The uri is the REST catalog endpoint, and the `s3.endpoint` is the S3 endpoint that the REST catalog will use to interact with the S3 bucket.

Now we can finally query the table! We will use the `pyiceberg` library to do so. The most basic example looks like
this:

from pyiceberg.catalog import load_catalog

os.environ["AWS_ACCESS_KEY_ID"] ="minio"
os.environ["AWS_SECRET_ACCESS_KEY"] = "minio123"

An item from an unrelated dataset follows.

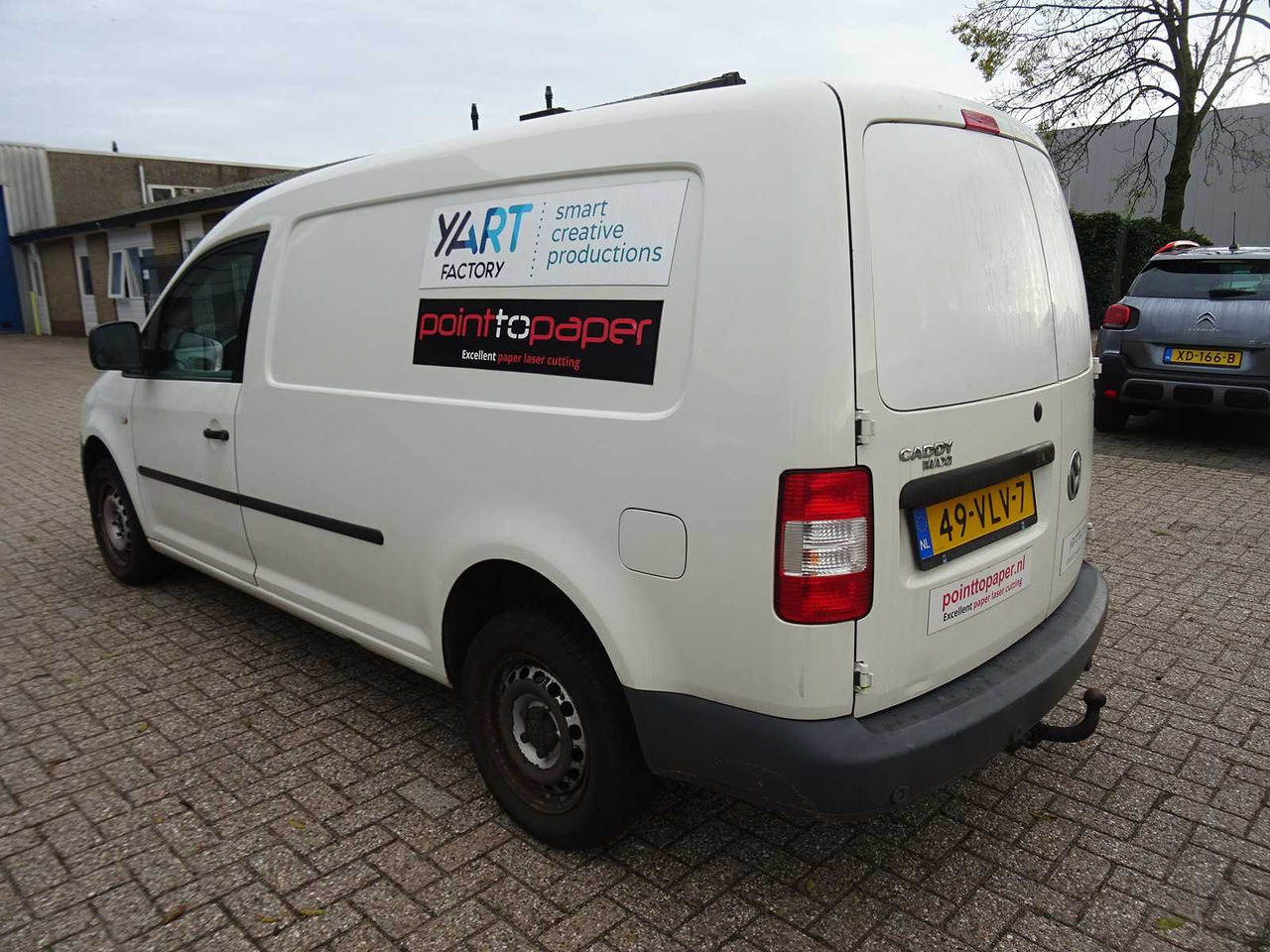 VOLKSWAGEN - CADDY - 1.9 TDI MAXI - COMMERCIAL VEHICLE - Commercial vehicle: picture 3 VOLKSWAGEN - CADDY - 1.9 TDI MAXI - COMMERCIAL VEHICLE - Commercial vehicle: picture 3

CATALOG = load_catalog("default")

table = CATALOG.load_table((namespace, table_name))

print(table.describe())

This will print the table schema so we can verify that all fields are present, with the correct datatypes!

table {
1: VendorID: optional long
2: tpep_pickup_datetime: optional timestamptz
3: tpep_dropoff_datetime: optional timestamptz
4: passenger_count: optional double
5: trip_distance: optional double
6: RatecodeID: optional double
7: store_and_fwd_flag: optional string
8: PULocationID: optional long
9: DOLocationID: optional long
10: payment_type: optional long
11: fare_amount: optional double
12: extra: optional double
13: mta_tax: optional double
14: tip_amount: optional double
15: tolls_amount: optional double
16: improvement_surcharge: optional double
17: total_amount: optional double
18: congestion_surcharge: optional double
19: airport_fee: optional double
}

Looks good, now let's take it a step further by running some analytical queries. By creating a table scan we can easily transform the results into an in-memory DuckDB connection.

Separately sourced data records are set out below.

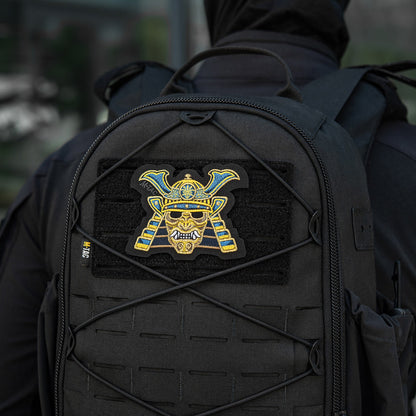 M-Tac Samurai Mask Embroidered Patch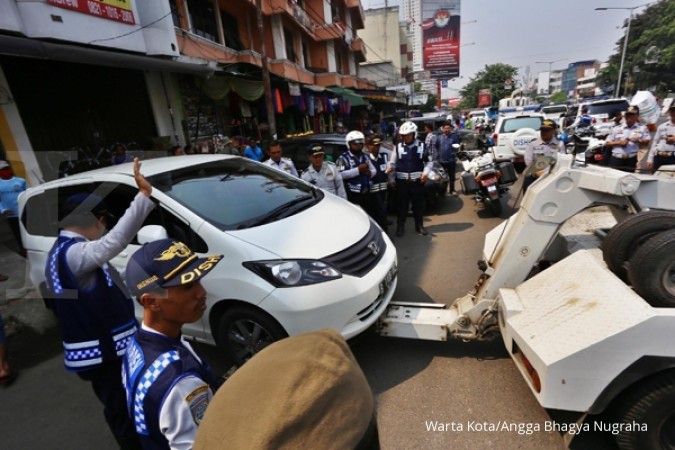 Ahok gandeng swasta untuk tertibkan parkir Jakarta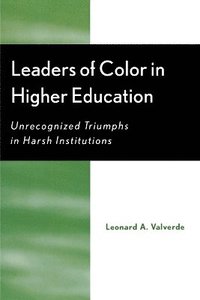 bokomslag Leaders of Color in Higher Education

con = table.scan().to_duckdb(table_name="trips")

Using this connection we are free to run any SQL query we want! As a bonus, we can convert the results to pandas dataframes with just calling `df()` on the result.

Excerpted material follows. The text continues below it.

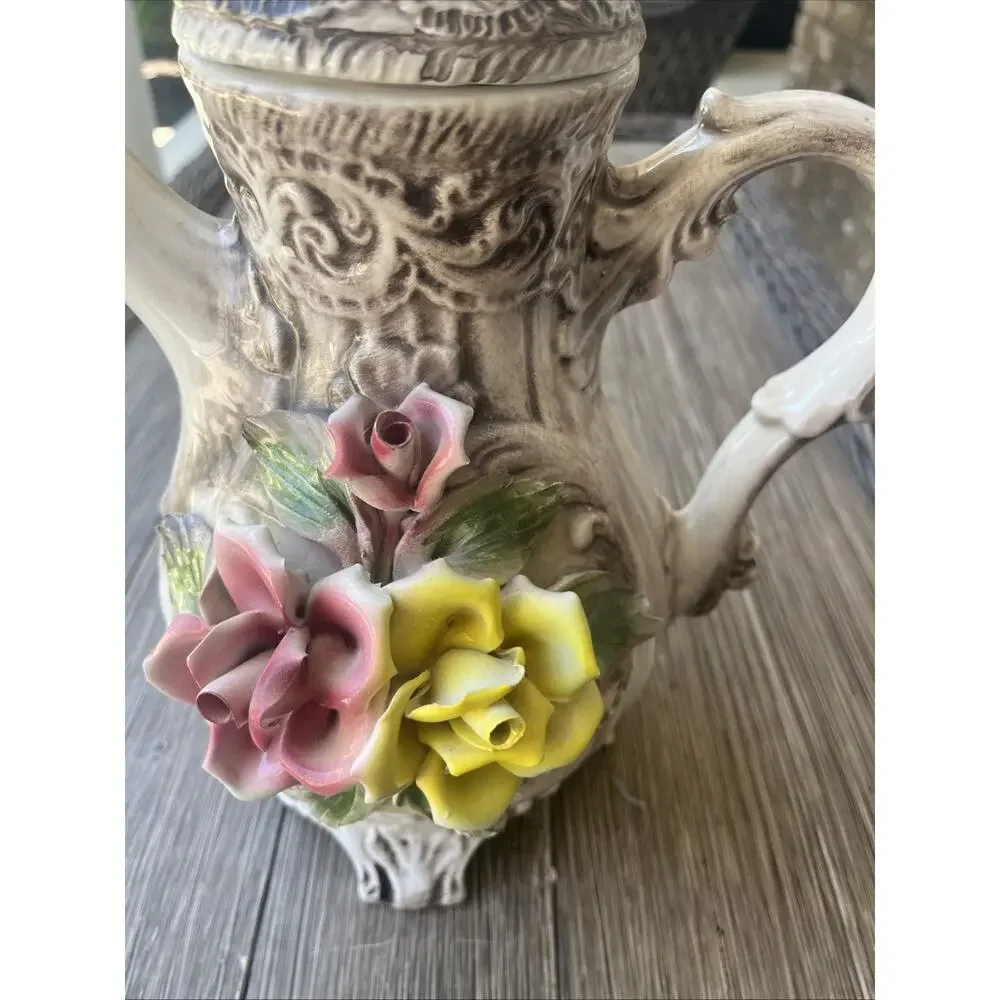 Capodimonte capodimonte porcelain flower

df = con.execute("SELECT * FROM distant_taxi_trips").df()

print(df.head(4))

This will print the first 4 rows of the table:

   VendorID      tpep_pickup_datetime  ... congestion_surcharge  airport_fee
0         1 2022-01-01 00:35:40+00:00  ...                  2.5          0.0
1         1 2022-01-01 00:33:43+00:00  ...                  0.0          0.0
2         2 2022-01-01 00:53:21+00:00  ...                  0.0          0.0
3         2 2022-01-01 00:25:21+00:00  ...                  2.5          0.0

[4 rows x 19 columns]

See how easy that was!? Even with DuckDB, we can easily query the table but converting the results to a pandas dataframe opens up a whole new world of possibilities. We can now use any of the pandas functions to analyze the data or even use it to train a machine learning model!

Conclusion

In this post, we have seen how to use Iceberg to create a table, and how to query it using the REST catalog and the pyiceberg library. We have also seen how to use the pyiceberg library to convert the results of a query into a pandas dataframe.

I hope you can see how easy it is to use Iceberg to create tables and query them. I find that it's not easy to wrap your head around the concepts of Iceberg, especially without playing around with it - but once you do, it's a breeze to use.